When I purchased my copy of ‘Worship and Song’ at Cokesbury, the sales associate told me that this was the “first expandable hymnal!”  I asked her how the binding to the book played a role in its expandability and she gave me the scrunched-nose face. Technologically, these books have been limited.

Interestingly enough, in some Christian circles, this technological barrier has played a huge role in keeping the churches singing the same songs they’ve been singing for ages.
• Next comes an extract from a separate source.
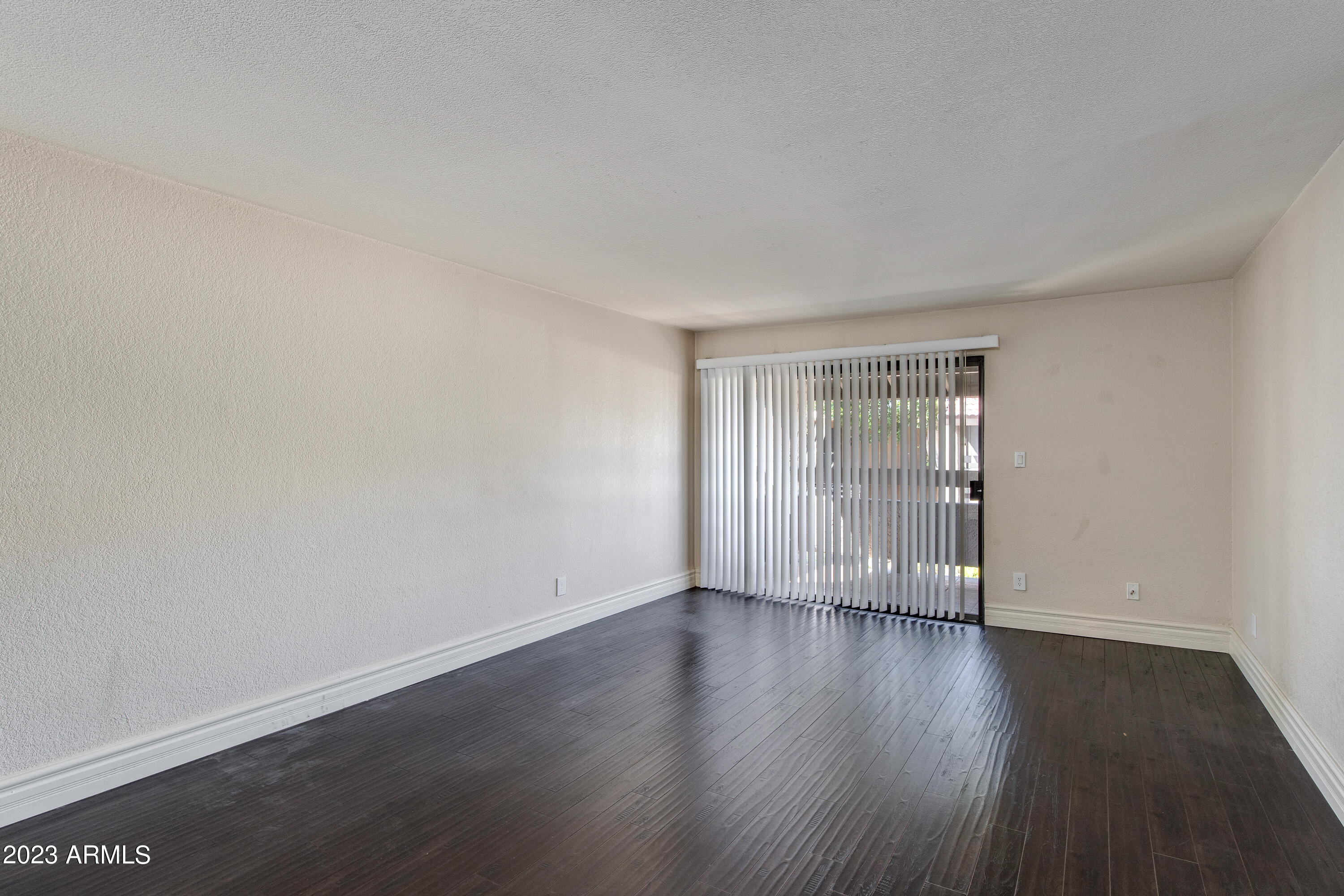 3825 E CAMELBACK Road, 216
In others, they have ignored the technological implications completely.  Many Christians are growing up in church environments (that alone is something to celebrate) and do not realize that Christians used to sing songs out of books that they held in their hands instead of on screens (I’ll let you decide whether or not that is something to celebrate).

Long story short: music in the Church is rapidly changing.  Some people are changing it, some are avoiding it.  Others, like the United Methodist Church in large part, avoided it for 20 years or so and are just now trying to catch up. The last category of churches feel a little like RIM and Nokia do now when it comes to smart phones:  late to the game inevitably will hurt, no matter your customer loyalty.

Not long ago I presented a hymnal to a student of mine on which her name was imprinted.  I said to her, “These are the songs of our tradition.” Ever since that moment, I’ve been thinking about what I meant by that statement.  Did I mean that these are the ONLY songs of our tradition?  Did I mean that these are the songs our of tradition and OUR TRADITION alone?  What is it that I meant?  Does that make the songs outside of our hymnal NOT part of our tradition?

In seminary we talk a lot about the music we sing being formative for the Christian journey.  We sing songs pertinent to the liturgical context we are in, usually having something to do with the morning’s message.  We pride ourselves: the hymns we sing aren’t, and shouldn’t be, fluff.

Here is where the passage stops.